Collins stubbed out her cigarette. ‘They’re wrong,’ she said.

Thorne dragged a footstool across and sat down on it in front of the television. He looked at the two women. Collins was short and large-breasted, with black hair tousled into spikes, red at the tips when it caught the light. She wore a tight, striped rugby shirt that showed off her chest and there was a softness in her face, at odds with the body language and the brittle, Benson & Hedges voice. (Later, when there were new cases to worry about, Thorne would confess to Kitson, after a couple of pints, that he’d secretly quite fancied Nina Collins.)
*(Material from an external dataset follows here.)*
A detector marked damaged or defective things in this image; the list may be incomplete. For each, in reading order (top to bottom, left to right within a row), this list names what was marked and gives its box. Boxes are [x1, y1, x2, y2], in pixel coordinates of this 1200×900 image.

‘He’s got a point,’ the woman next to Collins said. ‘It is a bloody stupid name. The carpets are seriously cheap, though, I’ll give them that.’

Debbie Mitchell was taller and skinnier than her friend. Her hair was long and dirty-blond, cut very straight on either side of a face that was drawn and blotchy, the foundation failing to hide an angry cluster of whiteheads around one nostril. She was barefoot, with her legs pulled up beneath her and one arm trailing over the edge of the sofa, in almost permanent contact with the boy playing on the carpet at her side.

‘He seems happy,’ Kitson said.

Collins turned as though she’d forgotten Kitson was there. ‘He is happy. He’s always happiest when he’s with his mum.’

‘Does he have any kind of… carer?’

‘Just me,’ Mitchell said. ‘There’s just us.’

Jason was tall for his age – eight, according to his mother’s file – and the pyjamas he was wearing looked a year or two too small for him. He pushed a large plastic train – the sort a slightly younger child might ride around on – up and down in a straight line along the side of the sofa. It was obviously a game he played a lot. There were track marks worn into the brown carpet.

‘What about school?’ Thorne asked.

‘He goes to a special place three days a week,’ Mitchell said. ‘Up in Hatfield. I have to stay with him, though, because he screams the place down if I’m not there.’

Collins held up two fingers. ‘Twice social services have taken Jason away from her and every time it’s been a nightmare for him.’ Mitchell shook her head, eyes down, as though she didn’t want her friend to continue, but Collins raised her hand again, determined to have her say. ‘Supposed to be for his own good, being separated from his mum, and of course he bloody hates it.’ She reached across and squeezed Mitchell’s hand. ‘Every time she’s cleaned herself up and sorted her life out, though, haven’t you, darling?’